If John Smoltz had retired after the 2000 season, when severe arm trouble forced him to sit out the entire season and receive the now common surgical procedure known as Tommy John surgery, he would still be celebrated as one the best pitchers of his era: at that point he was a Cy Young Award-winner, World Series Champion, four-time All Star, and key member of one of the best pitching staffs of all time. But he didn't, making Smoltz's no-holds-barred memoir STARTING AND CLOSING a truly inspirational story about fighting to do the thing you love most, with sharp insights for readers crave from epic sports books.
Smoltz went under the knife, knowing it would be a long shot that he would ever pitch again. On his return to the club in late 2001, Smoltz was tried as a closer and answered the call by saving 10 games down the stretch. His first full season back, he broke the then National League all-time record with 55 saves, beginning a string of three of the most dominant years of any relief pitcher in baseball history: he returned to the starting rotation in '05, earned several All-Star appearances, and achieved the 200-win milestone.

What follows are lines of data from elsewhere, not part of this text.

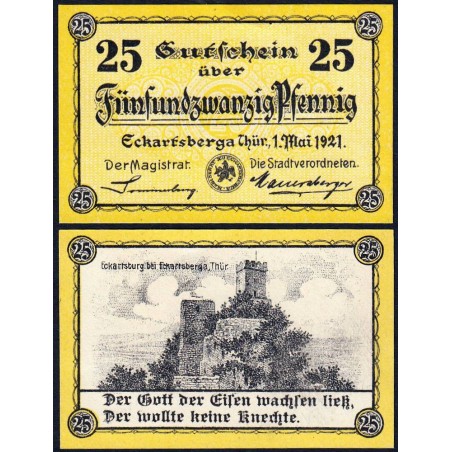 Allemagne - Notgeld - Eckartsberga - 25 pfennig - 01/05/1921 - Etat : NEUF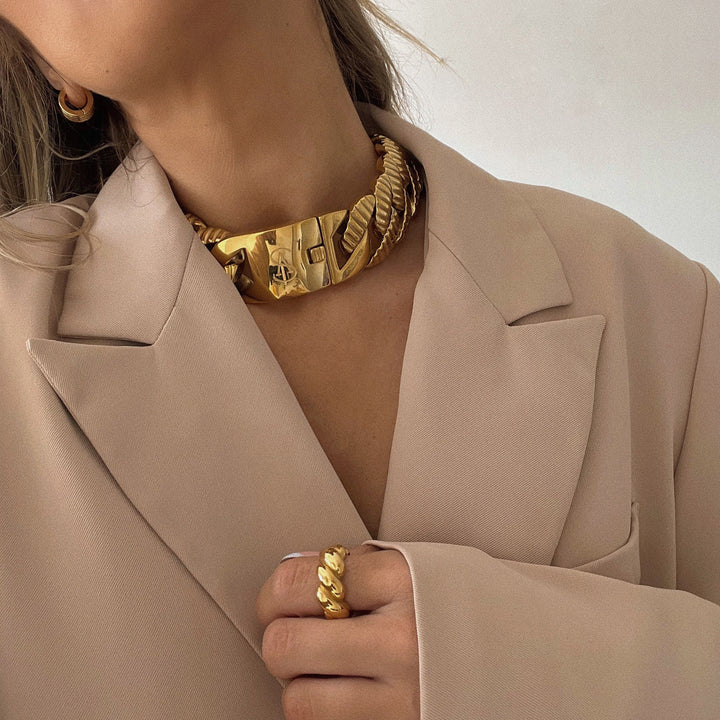 Ridge Chunky Kette 24K Halskette I Vergoldet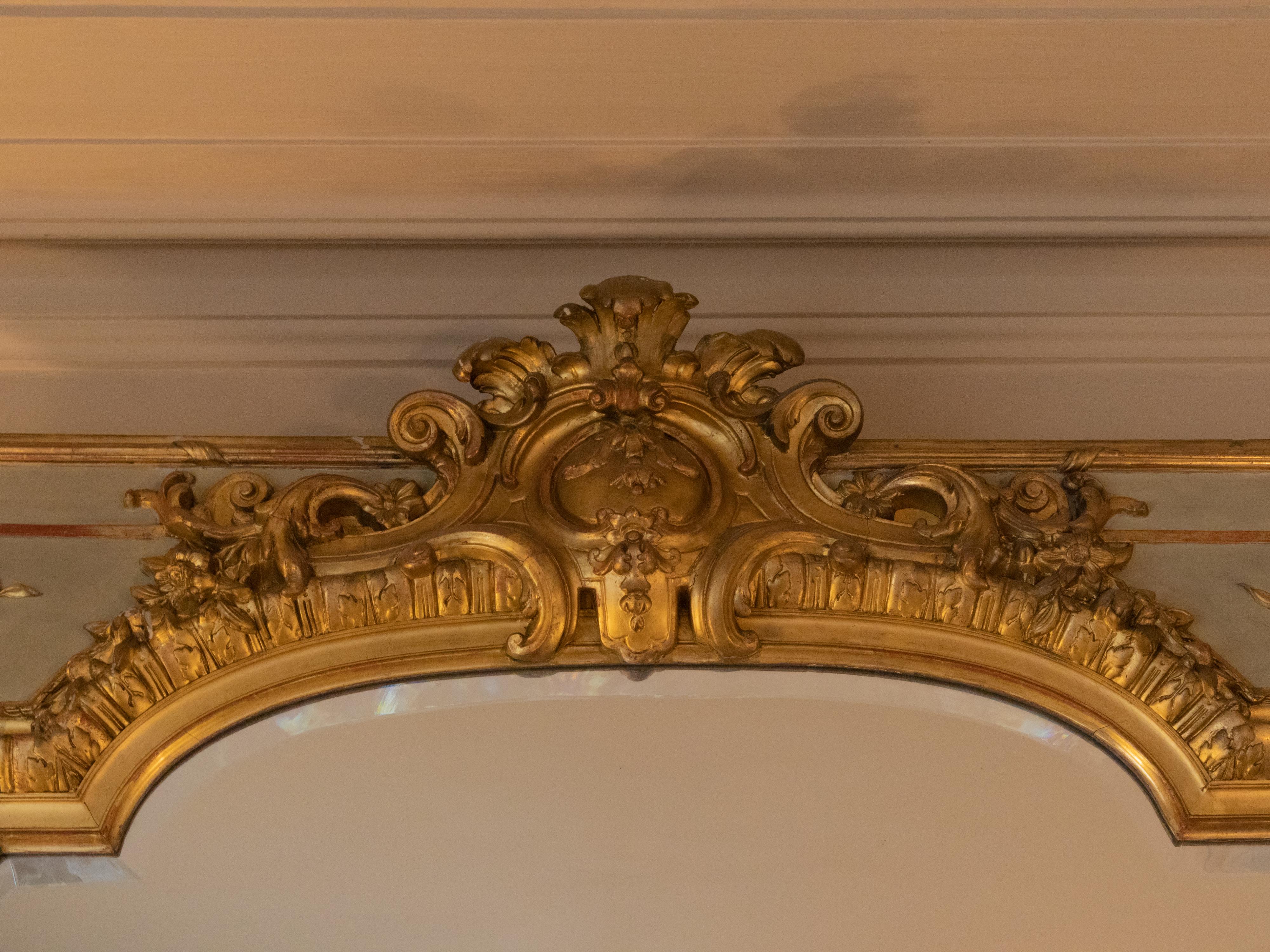 Miroir baroque français Trumeau Rococo, 19ème siècle État moyen - En vente à Lisbon, PT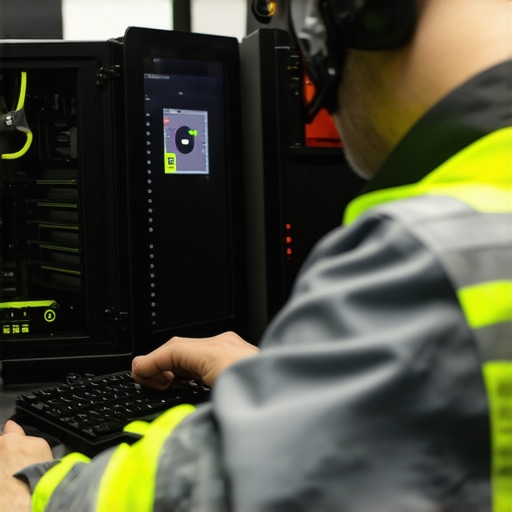 Technician monitoring workstation temperature and cleaning dust from components.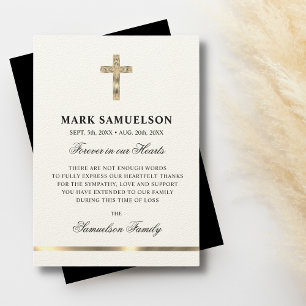 Beileid Memorial Religious Cross Ecru Gold Dankeskarte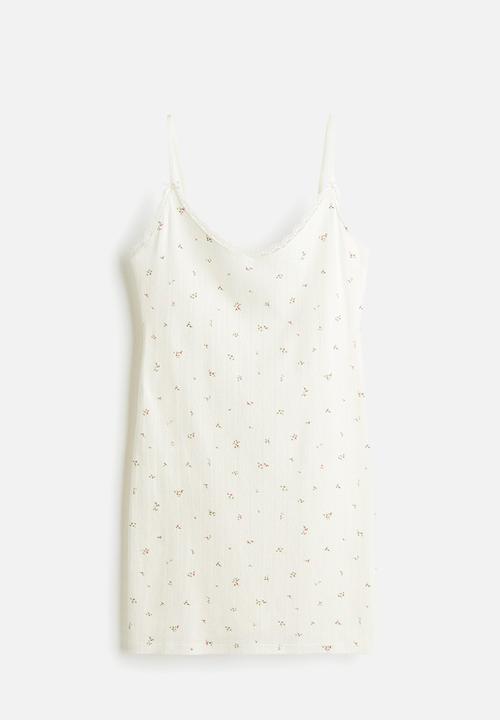 H&M - Pointelle nightslip - cream/floral 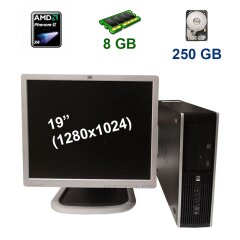 HP Compaq 6005 SFF / AMD Phenom II X2 B24 (2 ядра по 3.0 GHz) / 8 GB DDR3 / 250 GB HDD + Уценка - HP LA1951g / 19" (1280x1024) TFT TN CCFL / VGA, DVI, USB-hub / царапина на матрице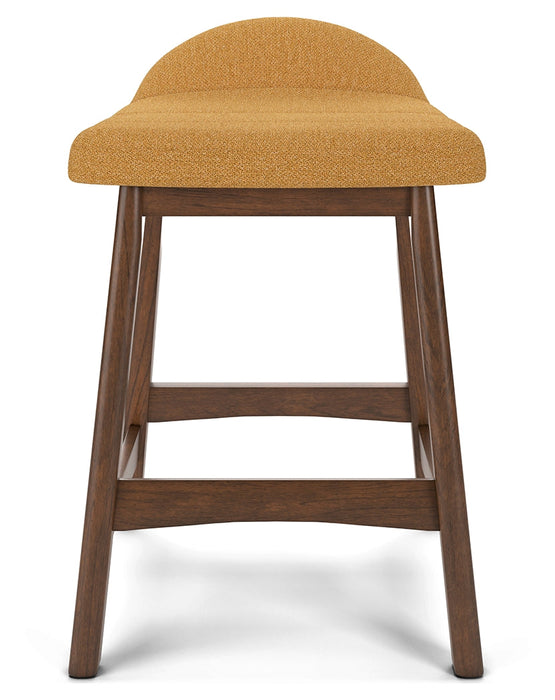 Lyncott Mustard/Brown Counter Height Barstool, Set of 2 - D615-424 - Vega Furniture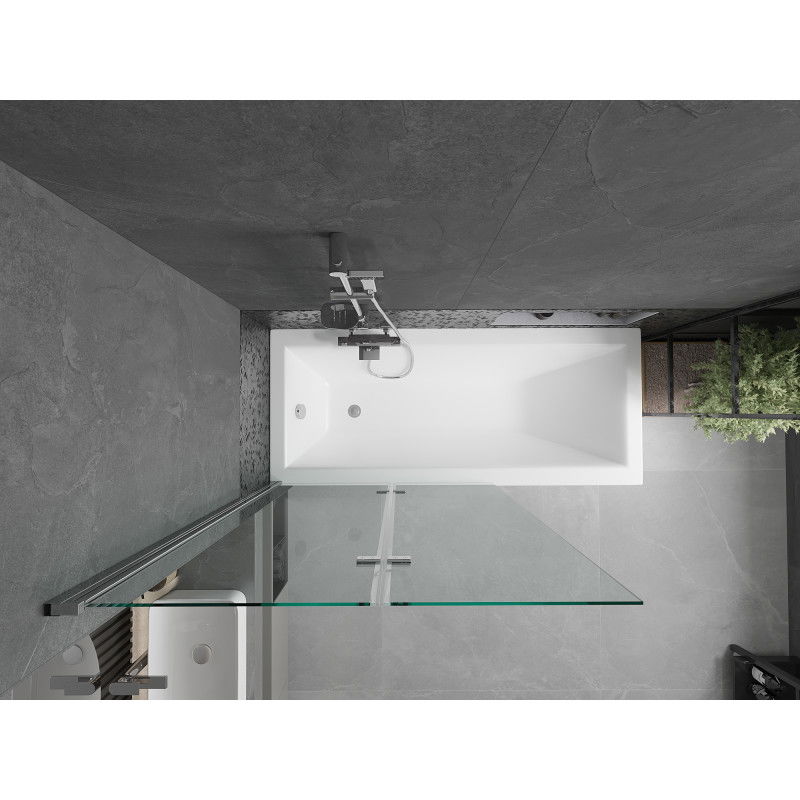 Mexen Castor 2-wing bathtub screen 100 x 150 cm, transparent, Chrome - 892-100-002-01-00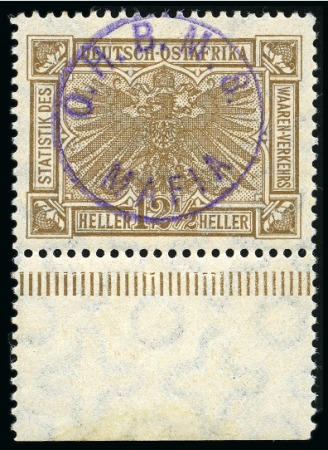 Stamp of Tanganyika » Mafia Island British Occupation » 1915 (Sep) "OHBMS Mafia" in Circle on GEA Fiscals 1915 (Sept) 12 1/2h drab with violet overprint,, m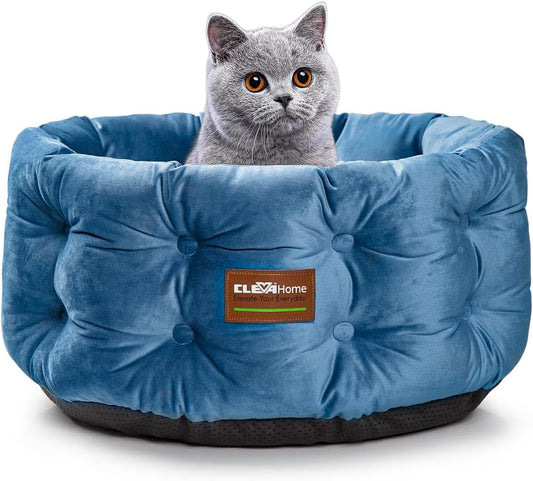 ClevaHome Deep Nest Cat Bed for Small Pets up to 15lbs - Round Cat Beds for Indoor Cats, Luxurious Velvet Feel, Extra High Sides, Machine Washable Comfort Pet Bed with Non-Slip Bottom (Steel Blue)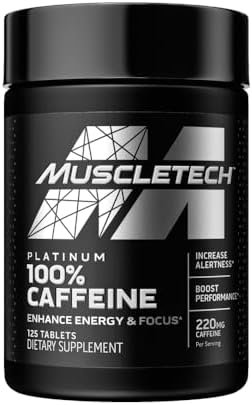 Caffeine Pills, MuscleTech 100% Caffeine Energy Supplements, PreWorkout Mental Focus + Energy Supplement, 220mg of Pure Caffeine, Sports Nutrition Endurance & Energy, 125 Count (Package may vary)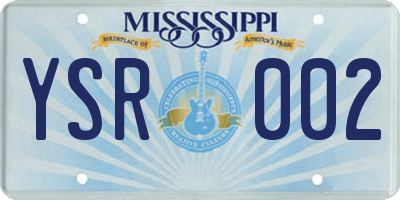 MS license plate YSR002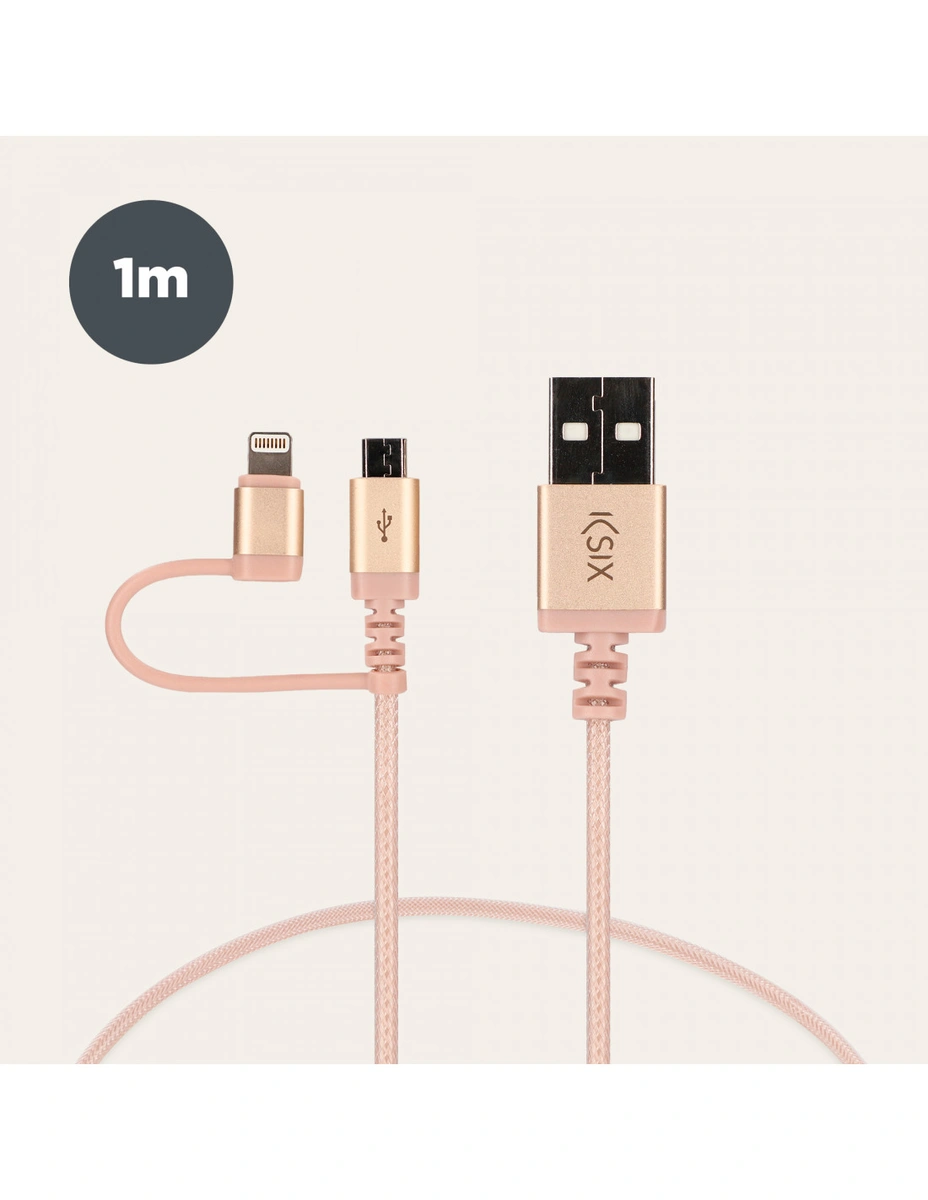 imagen de Cable de carga y datos USB-A a Lightning + Micro-USB Ksix, Made For iPhone, Metalizado, 1 m, Dorado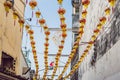 Street in the Portugese style Romani in Phuket Town. Also called Chinatown or the old town. Traveling with children concept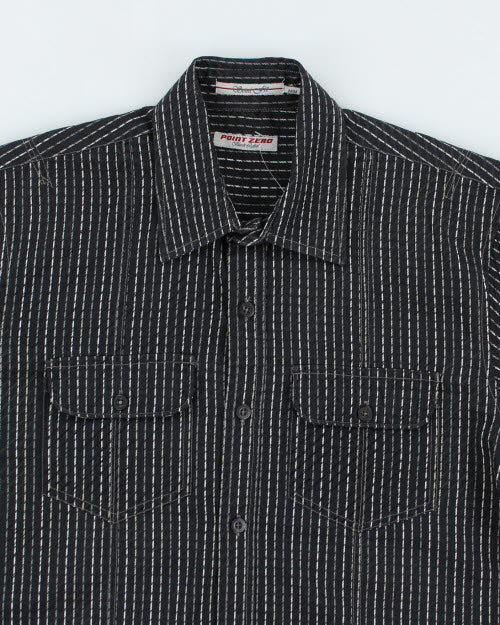 Vintage Point Zero Striped Short Sleeve Shirt - M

In 2008, Smoltz started off with a bang, becoming the 16th pitcher in Major League history to amass 3,000 strikeouts, but an inflamed shoulder put him on the disabled list and demanded he undergo season-ending shoulder surgery in June. Smoltz's contract with the Braves expired at the end of the 2008 season, but he still wasn't ready to give up. An unsuccessful stint with the Boston Red Sox in 2009, a mismatch professionally and personally, was an emotionally trying time for Smoltz; he was beginning a second marriage to his current wife Kathryn and coming to grips with a body that wasn't as quick to heal. Through the strength of his family and his Christian faith, the 42-year-old Smoltz began making peace with the fact that his playing days were numbered, but summoned his God-given talents notably once more in his first game with the St. Louis Cardinals, to set a Cardinals all-time record by striking out seven batters in a row. And instead of retiring, today renaissance man John Smoltz is a color commentator on TBS and the Major League Network, chairman of a school he helped build, the head of an annual baseball camp, and a scratch golfer with aspirations to join the Senior PGA Tour.
The great value of a book like this is that Smoltz's memory, vast intellect, sincere faith, and wealth of experience on and off the field allow him to analyse baseball from different perspectives and qualify him to comment on the dire situation in which it finds itself (steroids, money, etc.). Like Jim Bouton's classic Ball Four, STARTING AND CLOSING will mirror the times in which it is written and take a look at not just his life in baseball, but baseball in the context of American popular culture.